Cinco senegaleses morrem em missão de paz em Darfur

Addis Abeba- Etiópia (PANA) -- A União Africana (UA) exprimiu a sua "profunda tristeza e o seu choque" relativamente à morte de cinco soldados senegaleses que faziam parta da força de protecção da Missão da UA no Sudão (AMIS).
Numa declaração publicada terça-feira, o presidente da Comissão da UA, Alpha Oumar Konaré, rendeu homenagem aos valentes homens e mulheres da AMIS desdobrados na região de Darfur (oeste do Sudão) confrontada com um conflito, "em circunstâncias mais difíceis e menos apreciadas".
Os militares senegaleses morreram a 1 de Abril último num ponto de água na zona de Umbaro, precisou a comissão da UA.
Este incidente, cuja responsabilidade se atribuiu às forças leais do Exército de Libertação do Sudão (SLA), segue-se a uma tentativa de assassinato do comandante adjunto da AMIS, o brigadeiro Ephreim Rurangwa, cujo helicóptero foi alvejado a 31 de Março de 2007 na zona de Kurni em Jebel Marra.
Efectivamente, uma série de incidentes contra a AMIS ocorreram em Darfur no mês passado, causando assim a morte de dois membros do pessoal a 5 de Março em Graida.

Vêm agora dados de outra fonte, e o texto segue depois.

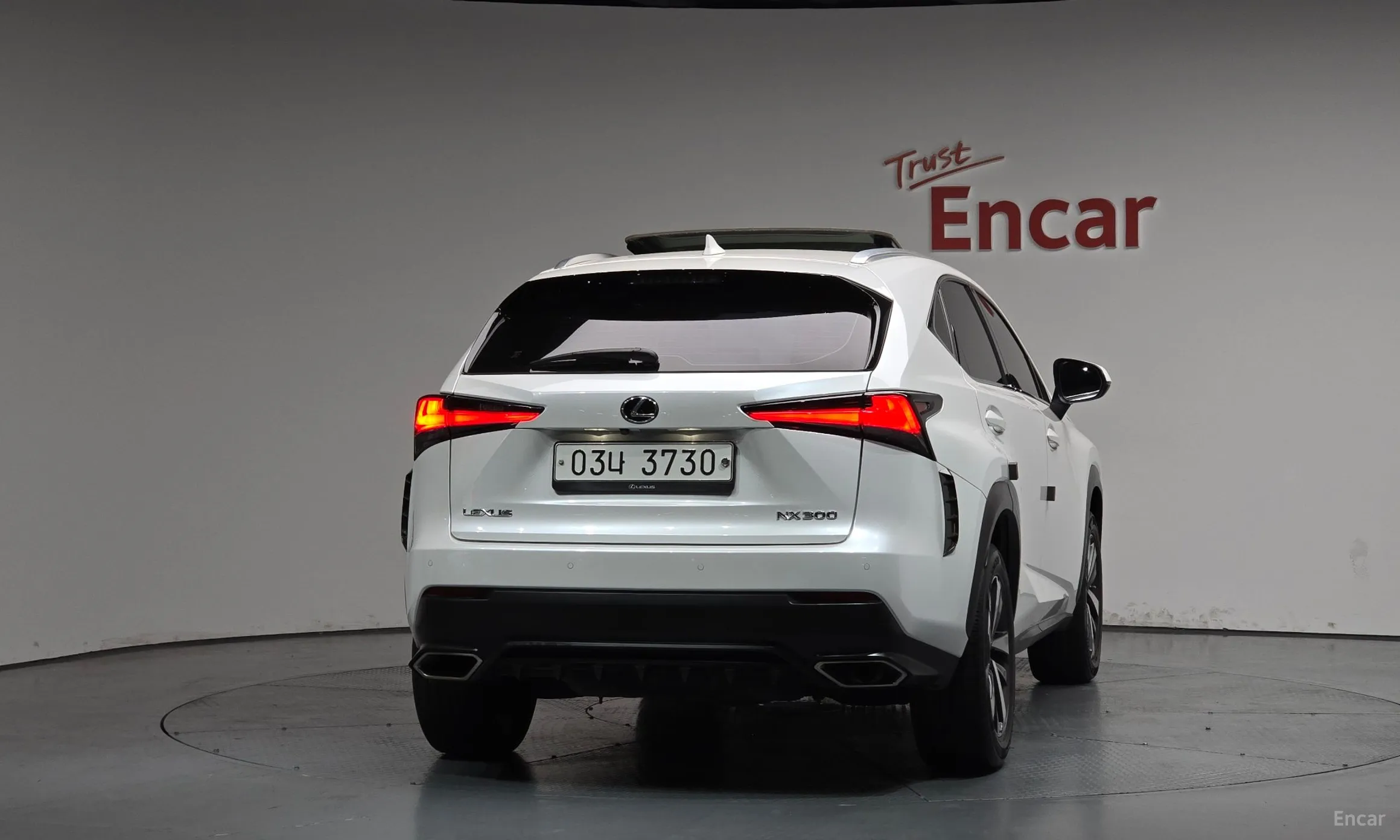 Lexus NX300 превью 4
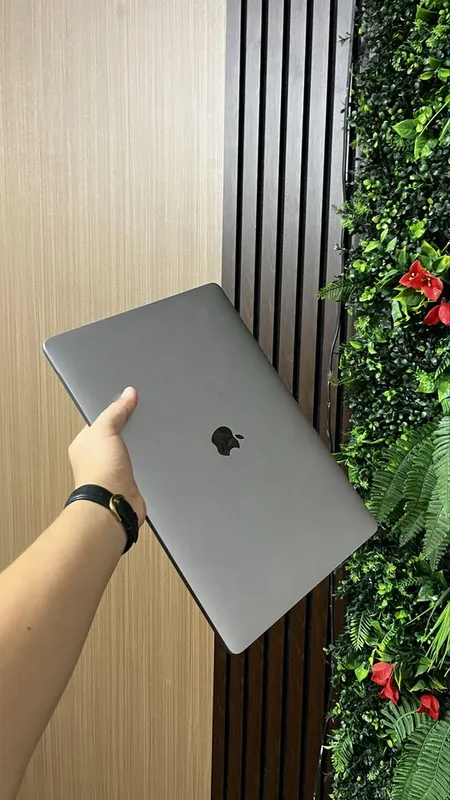 MacBook pro 2017 i7 1 MacBook pro 2017 i7 1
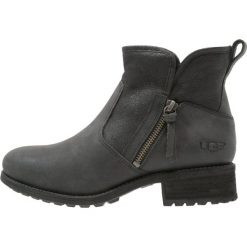 Buty zimowe damskie: UGG LAVELLE Ankle boot black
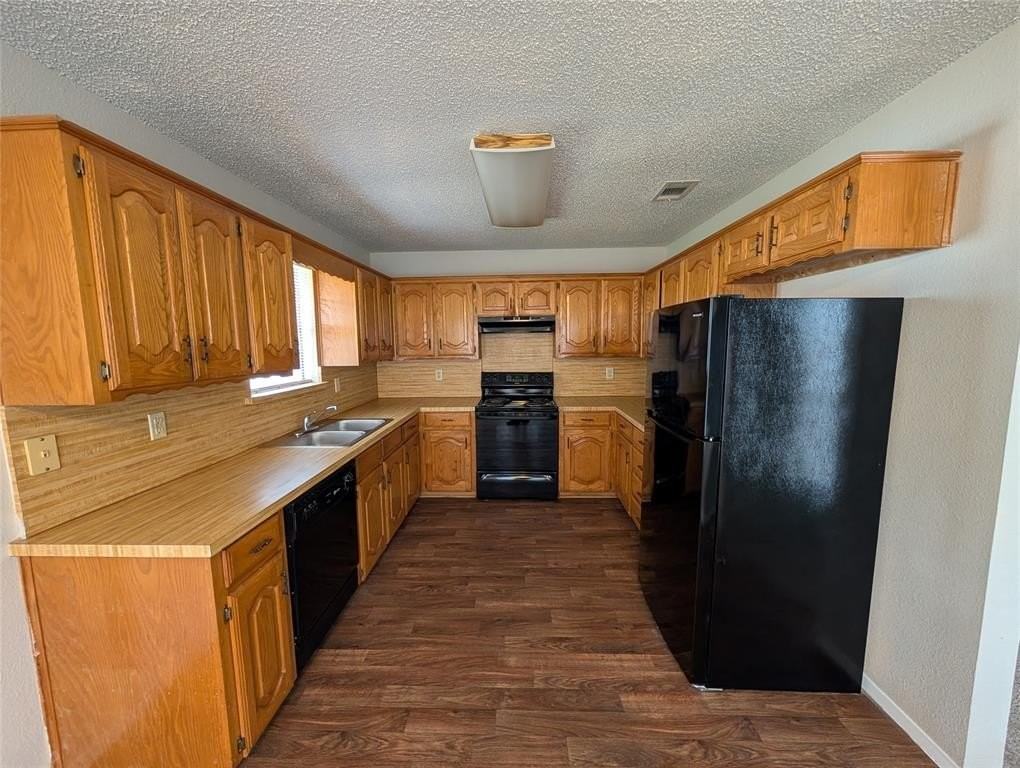 442 Roosevelt Ave - Photo 4 of 16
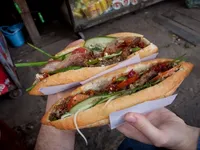 Bánh mì dẫn đầu danh sách món ăn đường phố phổ biến nhất Việt Nam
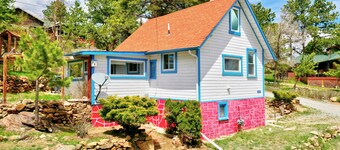 Vintage Cabin with Hot Tub, Convenient in-Town Location & Mountain Views! #3511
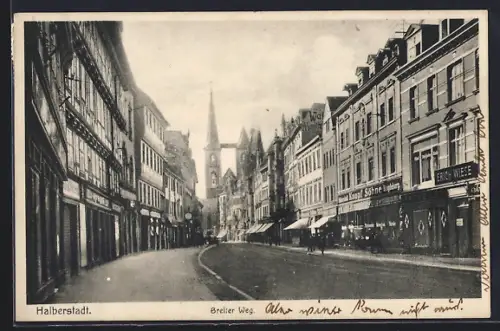 AK Halberstadt, Strassenpartie am Breite Weg mit Geschäften
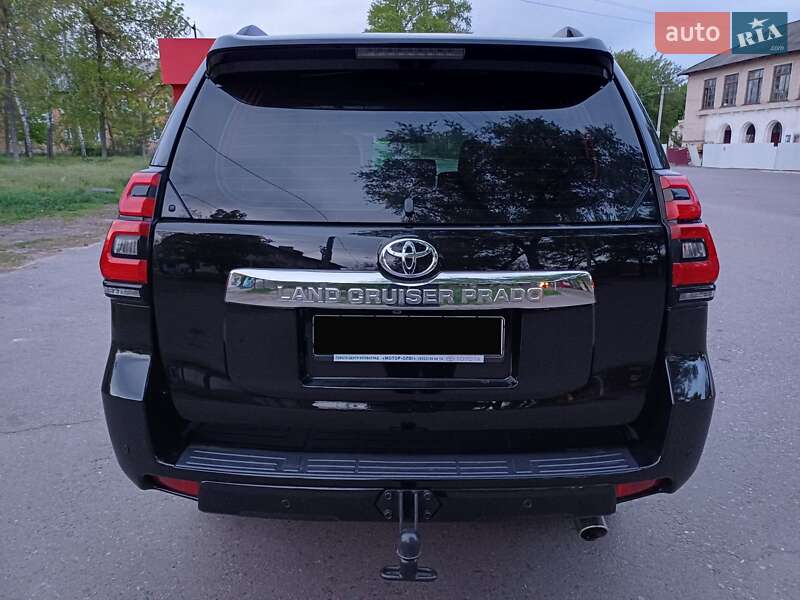 Внедорожник / Кроссовер Toyota Land Cruiser Prado 2010 в Александрие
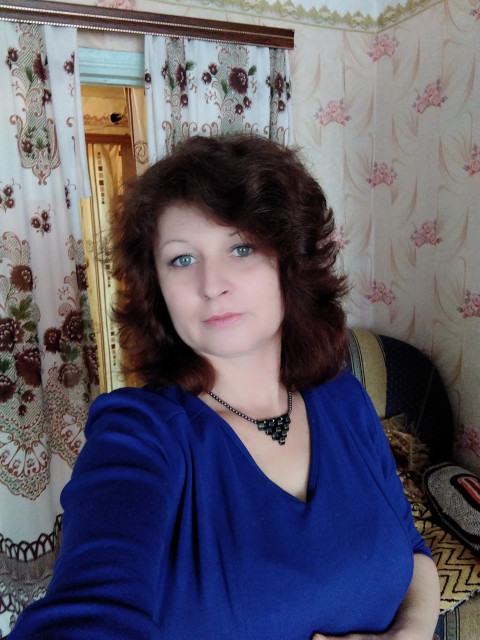 Наталья, Россия, Брянск, 46 лет. Познакомлюсь с мужчиной для брака и создания семьи. Хорошая добрая . живу в деревне. 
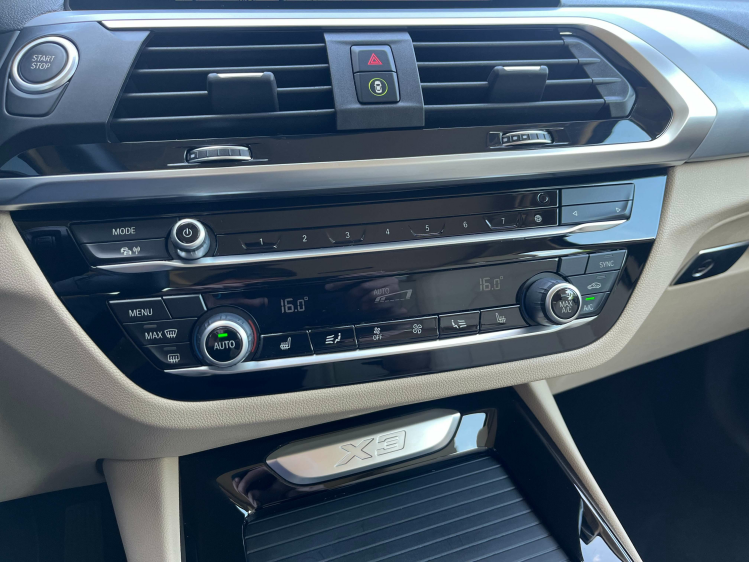 BMW X3 2.0iA xDrive30e Leder/Gps/Carplay/Trekhaak/Zetelvw Leconte Motors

De acordo com a comissão da UA, os tiros na zona de Kurni em Jebel Marra visavam sem sombra de dúvida um helicóptero da AMIS que transportava o general Rurangwa e o seu entourage.
"É importante notar que estes ataques têm como pano de fundo uma onda crescente de assédios, desvios, ameaças e chantagens contra a missão e o seu comando.
Foram perpetrados por alguns com quem a AMIS deve colaborar e que deve apoiar.
O objectivo visado é desacreditar a missão e, finalmente, os esforços da União Africana em Darfur", sublinhou a declaração.
Condenando estes actos, Konaré sublinhou que são uma violação clara dos diferentes acordos de cessar-fogo que todas as partes em conflito em Darfur se comprometeram solenemente a respeitar.
De acordo com a declaração, Konaré considera a crescente hostilidade contra a AMIS como uma tentativa calculada e deliberada com vista a dissuadir a força de levar a cabo a sua missão e fazer abortar os esforços em curso envidados pela UA e pelas Nações Unidas para reforçar o processo de paz em Darfur.
Para Konaré, é engano e pouco judicioso pensar-se que só uma solução militar pode resolver a questão complexa de Darfur.
O ex-chefe do Estado maliano reiterou o seu apelo às partes envolvidas neste conflito para que reforcem a sua cooperação e o seu apoio aos esforços dos enviados especiais da UA e da ONU, respectivamente Salim Ahmed Salim e Jan Elliason, porque visam alargar o processo de paz e consolidar o Acordo de Paz de Darfur (DPA).
"Se esta tendência continuar, a operação de manutenção da paz será seriamente comprometida", disse o presidente da Comissão da UA, antes de acrescentar que a UA não pode tolerar actos deliberados e não justificados de agressão e de impunidade por parte das mesmas pessoas para as quais ela continua fazer enormes sacrifícios a fim de os apoiar.
Recomendou um inquérito rápido sobre os recentes incidentes, com a total cooperação de todas as partes envolvidas, frisando que os culpados devem ser julgados de acordo com a lei internacional.
"O sacrifício supremo que alguns membros da AMIS pagaram para a paz em Darfur nunca será vão", assegurou Konare.